Science Spotlight

A DNA sequencing sleuth called CypherSeq

CypherSeq error correction and detection of rare mutations. A) Base substitutions determined by next-generation sequencing with a quality filter. The sample contains four mutations at the sites shown in red, which were spiked into the sample at known ratios of one mutant copy in 100, 1000, 10,000, and 100,000 wild type copies. However, due to the high background of erroneous substitutions, the real mutations cannot be distinguished from sequencing errors. B) Base substitutions determined by sequencing with CypherSeq. The increased accuracy of CypherSeq removes the background, allowing accurate and quantitative identification of the four real mutations down to a frequency of ~1 mutant in 100,000 copies.
Image provided by Dr. Mark Gregory.

Next-generation sequencing (NGS) technologies have transformed both basic and clinical research, as they have enabled the development of diverse applications ranging from pre-natal testing to cancer prognosis. However, there are a number of limitations that prevent NGS technologies from fulfilling their full potential. These include the inherent error of DNA sequencing instruments, the sequencing coverage depth and the amount of available sample DNA required. To address these limitations, post-doctoral fellows Drs. Mark Gregory and Jessica Bertout and collaborators in Dr. Jason Bielas’ Laboratory (Human Biology and Public Health Sciences Divisions), developed a new method called CypherSeq that markedly improved NGS-based detection of rare mutations. This exciting report was recently published in the journal Nucleic Acids Research.

The investigators first designed the CypherSeq vector as a double-stranded barcoded vector that can be amplified in bacteria and contains all of the necessary sequences required to perform NGS. To delineate the power of the CypherSeq error correction algorithm, the researchers first applied the CypherSeq technology to a mixed DNA population with known ratios of both wild-type and four mutant versions of the tumor suppressor gene TP53. This analysis revealed that a single TP53 mutant could be resolved among more than 105 copies of wild-type TP53, which translates to a frequency of 2.4 x 10-7 mutations per base pair (see figure) and represents at least a 10-fold improvement over other NGS methods. Next, the authors addressed whether CypherSeq could be used for genome-wide assessment of both spontaneous and induced mutations. To this end, they grew liquid cultures of the baker’s yeast Saccharomyces cerevisiae with or without the mutagen ethyl methanesulfonate (EMS). After application of CypherSeq sequencing and computational error-correction these samples revealed a base substitution frequency of 1.4 x 10-6 and 4.6 x 10-6 in untreated and EMS-treated cultures, respectively, demonstrating a clear increase due to treatment. Importantly, the additional mutations seen in the EMS-treated samples were nearly all C to T mutations, which match the known mutation signature of the EMS mutagen. As the EMS mutations in this experiment would only be present on a single genome within the yeast culture, the accurate detection of these mutations represent single cell resolution sequencing. Thus, CypherSeq is a more accurate DNA sequencing method that, for the first time, enables genome-wide calculations of mutations rates without resorting to single cell approaches.

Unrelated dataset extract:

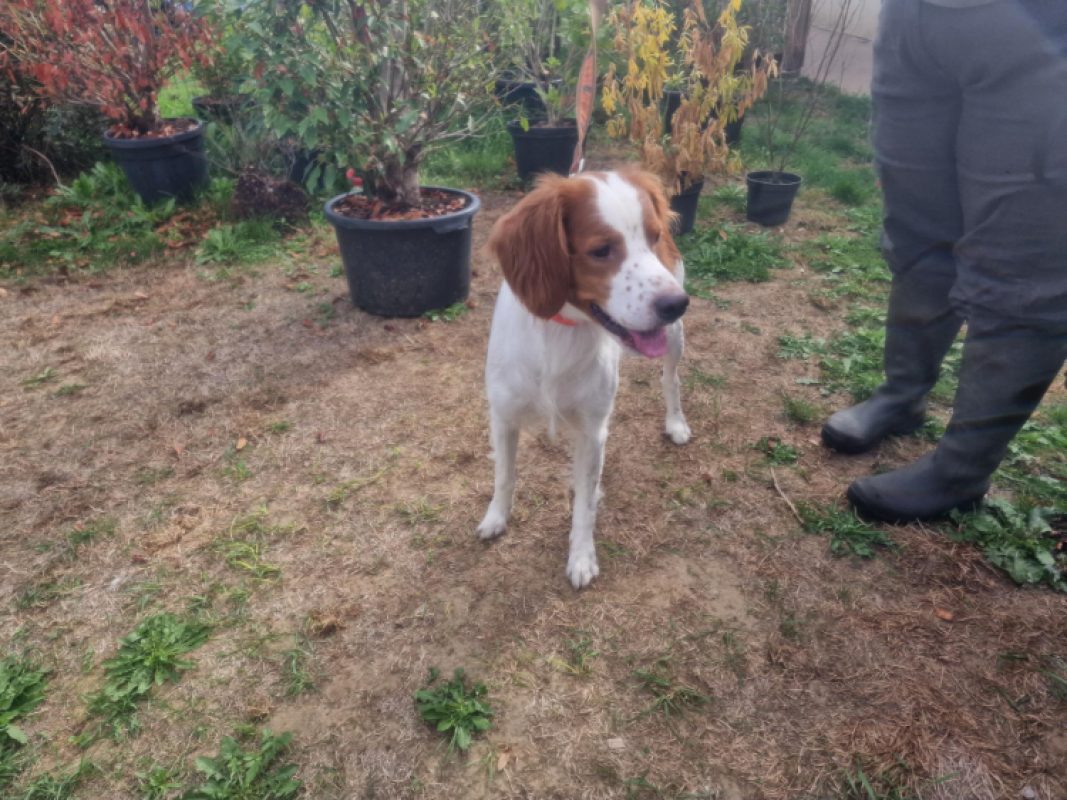Marley - Chien Epagneul Breton à adopter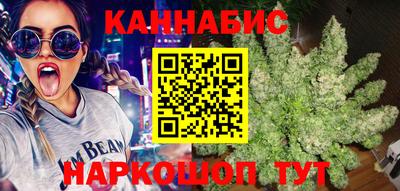 сатива Лесосибирск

Finally, the authors demonstrated that CypherSeq can also efficiently enrich a sequencing library for specific genomic sites. Because the CypherSeq vector is circular, rolling circle amplification (RCA) of a biotinylated primer was used to generate single-stranded DNA concatemers, which could be further enriched with streptavidin affinity purification. Indeed, CypherSeq vectors containing TP53 sequences in the background of randomly sheared genomic DNA were enriched 977-fold. Such enrichment, decreases off-target superfluous sequencing, permits deeper sequencing depth of targeted sites, and thus the detection of much rarer variants. In summary, CypherSeq’s highly sensitive error correction and RCA-based target enrichment strategies offer tantalizing possibilities for cancer diagnostics. Said Dr. Gregory: "Combining highly accurate sequencing with the ability to target specific regions of the genome is an important advance which will allow us to investigate rare mutations throughout the genome, at a resolution unmatched before. This technology should enable the development of a new class of sequencing-based clinical tests, such as noninvasive blood tests for early cancer diagnosis, identification of optimal therapeutic approaches, and monitoring of treatment response". 

Funding for this study was provided by the National Institutes of Health, the Department of Defense, the Canary Foundation, the Marsha Rivkin Center for Ovarian Cancer Research, and the Ellison Medical Foundation.  

Gregory MT, Bertout JA, Ericson NG, Taylor SD, Mukherjee R, Robins HS, Drescher CW, Bielas JH. 2015. Targeted single molecule mutation detection with massively parallel sequencing. Nucleic Acids Res. Epub ahead of print.